Since February 2003, Semper International has provided a quarterly survey offering estimates of trends in the printing and graphics industries. To prevent bias, survey questions—both qualitative and quantitative—are designed by Semper corporate partner Cvent. Survey participants include more than 300 small, medium, and large printing companies; both clients and prospects of Semper International. Participants provide data on revenue and hiring as well as estimated outlooks on future trends. Data is requested from a random sample and are not screened. To preserve confidentiality, individual company information is not part of the tabulation.
“We’re pleased to see respondents reporting another rise in quarterly revenues as well as continued optimism. Overall, the print industry looks pretty positive right now,” says CEO David Regan. “Companies reporting revenue growth increased a stunning twenty percentage points, quarter over quarter, and those reporting a profitable quarter is the strongest it’s been since the second quarter of 2006. However, a few worrisome signals are on the horizon. September is usually the busiest month of the year, but our questions on recent sales projections showed that many companies have adopted a wait-and-see attitude. Most are expecting the same sales volume this quarter versus further growth.”

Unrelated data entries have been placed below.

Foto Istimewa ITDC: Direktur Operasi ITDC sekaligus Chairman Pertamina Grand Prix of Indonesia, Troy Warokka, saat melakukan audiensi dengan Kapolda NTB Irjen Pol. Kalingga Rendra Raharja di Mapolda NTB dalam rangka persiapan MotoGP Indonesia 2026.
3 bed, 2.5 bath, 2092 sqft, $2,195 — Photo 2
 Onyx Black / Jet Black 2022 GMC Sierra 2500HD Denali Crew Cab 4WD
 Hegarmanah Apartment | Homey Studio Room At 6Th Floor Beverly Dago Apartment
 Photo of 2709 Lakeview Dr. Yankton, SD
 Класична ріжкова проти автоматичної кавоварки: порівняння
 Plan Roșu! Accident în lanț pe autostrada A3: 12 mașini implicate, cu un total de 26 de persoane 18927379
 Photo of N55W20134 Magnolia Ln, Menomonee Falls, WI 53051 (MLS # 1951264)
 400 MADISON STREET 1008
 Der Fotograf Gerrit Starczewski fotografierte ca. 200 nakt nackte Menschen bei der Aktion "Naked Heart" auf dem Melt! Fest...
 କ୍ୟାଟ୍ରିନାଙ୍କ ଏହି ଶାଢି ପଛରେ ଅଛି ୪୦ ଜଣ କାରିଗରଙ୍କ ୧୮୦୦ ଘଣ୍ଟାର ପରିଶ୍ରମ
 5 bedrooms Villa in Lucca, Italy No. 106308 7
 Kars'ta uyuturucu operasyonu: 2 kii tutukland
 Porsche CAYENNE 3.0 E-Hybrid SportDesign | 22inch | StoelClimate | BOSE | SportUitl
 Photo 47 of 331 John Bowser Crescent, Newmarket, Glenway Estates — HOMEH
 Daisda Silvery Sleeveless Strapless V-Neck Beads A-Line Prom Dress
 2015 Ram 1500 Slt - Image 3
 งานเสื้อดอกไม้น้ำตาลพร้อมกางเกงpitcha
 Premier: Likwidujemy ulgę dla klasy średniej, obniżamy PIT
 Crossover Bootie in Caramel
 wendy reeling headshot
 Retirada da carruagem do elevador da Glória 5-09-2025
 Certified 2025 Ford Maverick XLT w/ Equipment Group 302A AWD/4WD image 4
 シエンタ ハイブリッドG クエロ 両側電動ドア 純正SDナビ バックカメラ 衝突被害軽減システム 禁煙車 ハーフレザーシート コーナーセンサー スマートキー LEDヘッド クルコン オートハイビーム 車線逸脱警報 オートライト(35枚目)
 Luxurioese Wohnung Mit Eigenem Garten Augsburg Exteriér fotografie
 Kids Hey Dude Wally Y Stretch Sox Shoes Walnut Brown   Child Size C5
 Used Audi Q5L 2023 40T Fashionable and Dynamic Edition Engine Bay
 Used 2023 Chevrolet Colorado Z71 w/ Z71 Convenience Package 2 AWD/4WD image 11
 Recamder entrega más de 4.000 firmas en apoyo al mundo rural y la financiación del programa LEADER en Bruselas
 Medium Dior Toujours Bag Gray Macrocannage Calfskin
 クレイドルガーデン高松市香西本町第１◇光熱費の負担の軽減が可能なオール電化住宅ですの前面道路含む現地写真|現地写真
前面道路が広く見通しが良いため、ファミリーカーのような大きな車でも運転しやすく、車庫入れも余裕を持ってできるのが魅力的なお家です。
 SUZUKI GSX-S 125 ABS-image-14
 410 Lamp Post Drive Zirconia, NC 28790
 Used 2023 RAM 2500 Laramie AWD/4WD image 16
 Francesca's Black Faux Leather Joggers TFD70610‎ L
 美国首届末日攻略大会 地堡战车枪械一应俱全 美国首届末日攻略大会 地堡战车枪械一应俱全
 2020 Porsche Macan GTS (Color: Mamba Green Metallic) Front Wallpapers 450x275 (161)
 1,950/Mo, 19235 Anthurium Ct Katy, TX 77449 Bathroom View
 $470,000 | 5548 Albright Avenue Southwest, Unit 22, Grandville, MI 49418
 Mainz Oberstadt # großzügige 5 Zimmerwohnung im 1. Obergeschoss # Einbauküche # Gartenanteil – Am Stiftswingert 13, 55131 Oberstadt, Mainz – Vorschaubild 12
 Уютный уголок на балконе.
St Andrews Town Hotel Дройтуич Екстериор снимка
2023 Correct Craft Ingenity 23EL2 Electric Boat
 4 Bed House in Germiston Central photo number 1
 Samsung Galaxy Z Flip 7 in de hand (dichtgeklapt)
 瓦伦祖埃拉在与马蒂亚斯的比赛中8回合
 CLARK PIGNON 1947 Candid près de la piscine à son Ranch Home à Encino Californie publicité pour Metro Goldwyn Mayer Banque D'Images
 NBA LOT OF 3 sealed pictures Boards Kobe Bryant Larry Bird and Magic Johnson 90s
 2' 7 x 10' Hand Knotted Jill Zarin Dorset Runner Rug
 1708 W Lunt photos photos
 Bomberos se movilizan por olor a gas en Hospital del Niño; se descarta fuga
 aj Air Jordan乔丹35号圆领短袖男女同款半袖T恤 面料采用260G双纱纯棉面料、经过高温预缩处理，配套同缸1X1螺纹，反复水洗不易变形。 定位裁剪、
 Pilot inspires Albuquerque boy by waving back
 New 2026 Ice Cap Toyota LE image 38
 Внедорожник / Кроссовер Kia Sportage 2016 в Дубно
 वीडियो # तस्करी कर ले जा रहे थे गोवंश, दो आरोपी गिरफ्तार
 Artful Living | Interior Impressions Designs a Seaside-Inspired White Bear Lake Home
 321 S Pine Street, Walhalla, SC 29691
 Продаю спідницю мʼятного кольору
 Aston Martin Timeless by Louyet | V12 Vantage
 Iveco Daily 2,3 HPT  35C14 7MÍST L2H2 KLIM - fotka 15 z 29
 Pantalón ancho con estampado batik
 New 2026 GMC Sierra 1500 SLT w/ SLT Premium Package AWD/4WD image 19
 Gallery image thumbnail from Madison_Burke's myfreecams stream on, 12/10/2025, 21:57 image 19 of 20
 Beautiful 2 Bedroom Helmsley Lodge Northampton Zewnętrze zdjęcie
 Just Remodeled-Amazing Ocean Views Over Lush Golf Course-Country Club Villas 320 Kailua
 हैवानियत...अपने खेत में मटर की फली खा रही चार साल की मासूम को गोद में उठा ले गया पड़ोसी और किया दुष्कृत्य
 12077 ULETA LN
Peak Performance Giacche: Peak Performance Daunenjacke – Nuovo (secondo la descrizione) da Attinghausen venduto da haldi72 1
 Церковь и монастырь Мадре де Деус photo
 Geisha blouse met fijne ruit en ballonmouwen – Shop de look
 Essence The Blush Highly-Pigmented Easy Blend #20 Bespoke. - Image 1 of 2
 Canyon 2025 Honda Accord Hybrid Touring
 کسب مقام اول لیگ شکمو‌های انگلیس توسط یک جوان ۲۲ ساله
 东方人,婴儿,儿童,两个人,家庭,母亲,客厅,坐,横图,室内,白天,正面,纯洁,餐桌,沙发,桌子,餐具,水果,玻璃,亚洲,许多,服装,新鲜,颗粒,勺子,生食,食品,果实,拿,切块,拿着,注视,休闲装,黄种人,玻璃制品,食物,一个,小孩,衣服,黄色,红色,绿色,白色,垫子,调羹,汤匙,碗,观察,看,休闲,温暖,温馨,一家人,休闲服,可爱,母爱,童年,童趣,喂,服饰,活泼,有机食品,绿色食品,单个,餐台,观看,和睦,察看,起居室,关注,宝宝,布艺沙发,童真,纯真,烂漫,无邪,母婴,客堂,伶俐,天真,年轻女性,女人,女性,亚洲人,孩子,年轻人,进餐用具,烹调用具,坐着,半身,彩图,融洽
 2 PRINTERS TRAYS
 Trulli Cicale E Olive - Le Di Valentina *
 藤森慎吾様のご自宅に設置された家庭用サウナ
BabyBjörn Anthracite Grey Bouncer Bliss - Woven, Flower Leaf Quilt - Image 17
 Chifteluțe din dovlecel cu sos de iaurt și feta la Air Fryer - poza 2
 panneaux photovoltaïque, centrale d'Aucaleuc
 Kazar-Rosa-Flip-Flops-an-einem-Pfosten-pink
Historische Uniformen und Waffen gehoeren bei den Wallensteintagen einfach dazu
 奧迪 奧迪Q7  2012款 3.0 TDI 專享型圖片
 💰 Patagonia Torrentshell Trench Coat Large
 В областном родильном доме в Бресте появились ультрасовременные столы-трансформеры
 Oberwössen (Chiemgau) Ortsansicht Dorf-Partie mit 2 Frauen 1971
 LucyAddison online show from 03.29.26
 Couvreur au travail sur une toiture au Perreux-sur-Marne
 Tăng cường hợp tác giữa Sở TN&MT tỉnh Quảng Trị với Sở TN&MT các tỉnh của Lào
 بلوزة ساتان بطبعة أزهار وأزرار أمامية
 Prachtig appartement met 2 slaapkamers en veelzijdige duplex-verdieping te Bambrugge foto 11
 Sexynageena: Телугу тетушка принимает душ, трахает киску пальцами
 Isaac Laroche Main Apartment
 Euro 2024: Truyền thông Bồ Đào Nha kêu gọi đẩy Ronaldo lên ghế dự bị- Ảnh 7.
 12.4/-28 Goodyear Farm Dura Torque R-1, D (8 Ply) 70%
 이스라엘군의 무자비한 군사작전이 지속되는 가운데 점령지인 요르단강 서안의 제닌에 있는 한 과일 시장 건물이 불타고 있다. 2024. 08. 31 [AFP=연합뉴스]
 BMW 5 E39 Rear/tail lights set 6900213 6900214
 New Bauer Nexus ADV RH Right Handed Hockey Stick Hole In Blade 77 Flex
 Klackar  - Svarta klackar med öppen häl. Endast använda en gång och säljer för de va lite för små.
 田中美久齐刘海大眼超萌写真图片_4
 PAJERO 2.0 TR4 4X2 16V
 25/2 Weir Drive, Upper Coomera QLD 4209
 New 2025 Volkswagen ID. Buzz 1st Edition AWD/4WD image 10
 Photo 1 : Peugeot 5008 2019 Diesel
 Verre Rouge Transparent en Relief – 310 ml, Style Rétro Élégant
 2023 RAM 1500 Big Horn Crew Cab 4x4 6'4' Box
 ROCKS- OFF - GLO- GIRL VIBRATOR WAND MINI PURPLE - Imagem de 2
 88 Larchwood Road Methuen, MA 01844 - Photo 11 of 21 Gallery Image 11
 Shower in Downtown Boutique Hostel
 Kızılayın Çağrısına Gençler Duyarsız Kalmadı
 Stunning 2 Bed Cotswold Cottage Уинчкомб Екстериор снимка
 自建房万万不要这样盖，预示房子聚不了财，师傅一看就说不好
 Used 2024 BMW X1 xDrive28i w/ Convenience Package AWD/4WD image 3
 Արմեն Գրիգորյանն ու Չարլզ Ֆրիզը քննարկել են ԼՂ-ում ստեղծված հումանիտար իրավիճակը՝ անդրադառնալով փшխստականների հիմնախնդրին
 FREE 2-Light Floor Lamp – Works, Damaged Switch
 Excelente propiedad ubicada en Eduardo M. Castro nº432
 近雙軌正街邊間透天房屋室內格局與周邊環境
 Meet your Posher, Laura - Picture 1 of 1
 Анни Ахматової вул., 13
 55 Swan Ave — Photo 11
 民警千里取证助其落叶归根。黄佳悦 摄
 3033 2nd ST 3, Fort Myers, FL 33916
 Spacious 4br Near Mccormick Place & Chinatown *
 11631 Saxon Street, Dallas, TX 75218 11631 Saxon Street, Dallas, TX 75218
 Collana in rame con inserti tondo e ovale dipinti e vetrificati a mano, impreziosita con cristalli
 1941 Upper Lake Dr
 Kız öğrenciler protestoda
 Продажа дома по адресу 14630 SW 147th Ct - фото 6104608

The survey offers fourteen critical insights that Semper observed from the survey data. They include:
- Those who reported increased quarterly revenues rose to 55% while respondents reporting a decrease in quarter over quarter revenue growth fell 8 points to 6%.
- 64% of companies expect strong sales growth to continue.
- 86% of companies reported profits.
- The number of respondents who saw an increase in sales the two weeks before the survey was conducted increased 15 points to 47%.
- Costs to upgrade technology (29%), emerging technology (28%) and operating costs (13%) outweigh the general economic climate (8%) as competitive threats.
- The rate of those companies considering business diversification is up 5 points to 57%.
- Leading market diversification categories were direct mail (24%), wide-format (20%) and web-based media (25%), for the third straight quarter
- 28% of all firms considered overtime costs a labor cost concern, an increase of 50% from last quarter.
- Staffing limitations (37%) replace profitability as respondents’ core concern.